Two traditional powers are sitting out the bowl season with sanctions. Michigan absorbed an opening 41-14 setback at Alabama, a signal of what was to come. Notre Dame defeated its three Big Ten opponents. The UI’s conference losing streak reached 14, and Iowa lost its last six. Purdue won its last three games but still fired Danny Hope, paying the new coach twice Hope’s salary. Michigan State, seemingly on the rise, slipped to 6-6.
Wisconsin embarrassed Nebraska by running up 70 points in the title game, and Bret Bielema showed his disdain for the Big Ten by promptly leaving for Arkansas. Arkansas?

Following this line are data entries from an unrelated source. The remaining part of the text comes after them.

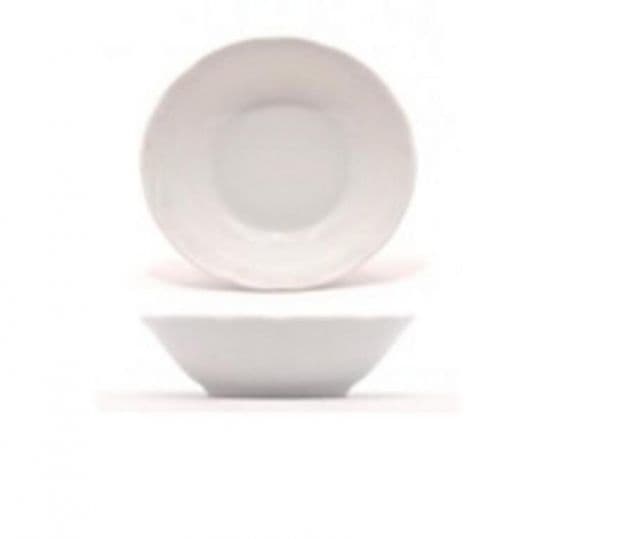 Kinekus Miska kompótová porcelánová 13cmTULIP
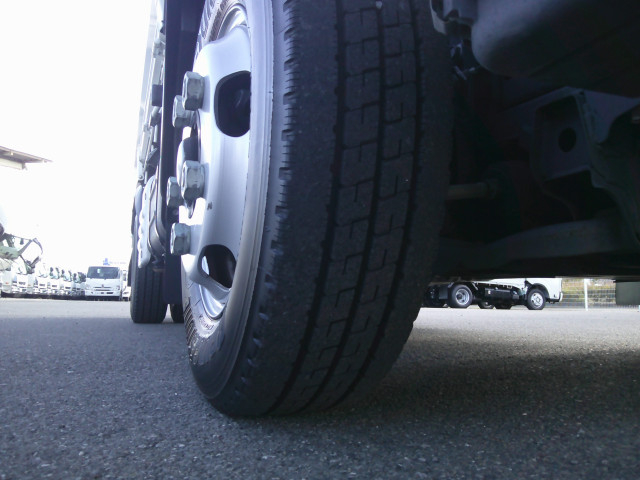 トヨタ トヨエース 小型 平ボディ 2RG-XZC605(96888) 25枚目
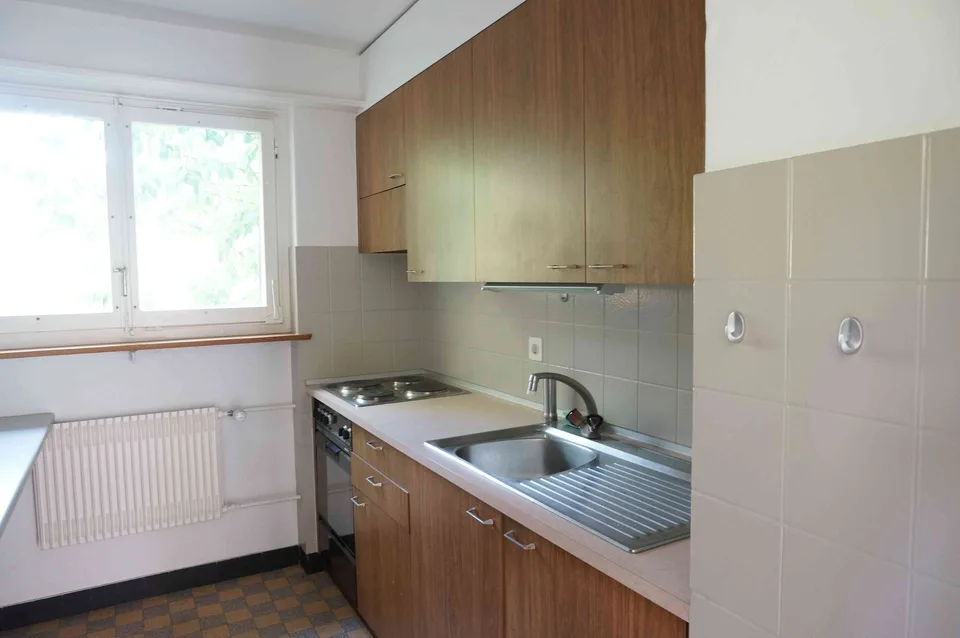 Äs schöns Eggeli z'Bellmund – photo 4 sur 7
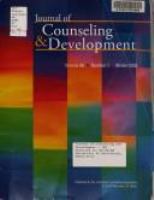Critical incidents in clinical supervision : addictions, community, and school counseling /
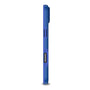 echelon Fuse Series w/ MagSafe Case for Apple iPhone Air - Blue - EIP17ACSD5MS104-4.jpg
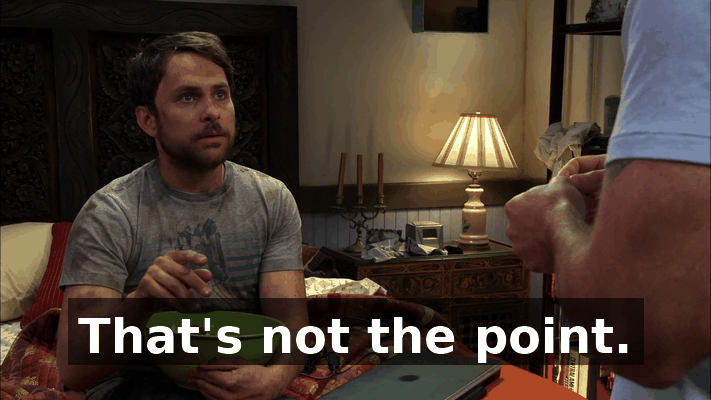 4478d9a8-6bc3-41d5-9214-bc019fba88f4.gif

If the Rose Bowl had its way, they’d look elsewhere ... but the arrangement dating to 1947 brings Wisconsin, 4-4 in league play, to Pasadena. The conference’s seven qualifiers are all bowl underdogs.
Is anybody happy? What are we left to think?
We can always fall back on the cycle explanation. Or is the Midwest simply rusting out. Are we headed back toward a Big 2 and the Little 10 period? Quality recruits are swarming to already well-stocked Michigan and Ohio State programs. And nowhere else. Scout.com, in foretelling the future, shows Michigan and Ohio State attracting five 5-star and 27 4-star recruits while, in the latest demonstration of what tradition means, Nebraska has eight 4-star prospects and the other nine members show 14. That averages less than two per team for the “other nine.”
Penn State is headed for a difficult period of limited rosters. Nebraskans are beginning to doubt Bo Pelini, while many Iowans believe Kirk Ferentz has run his course. Illinois is falling back on junior college recruits. And Badgers fans are wondering if Wisconsin’s unique style will work with Gary Andersen.
And now we see Rutgers and Maryland coming in the distance. Will that make it the Big 2 and the Little 12?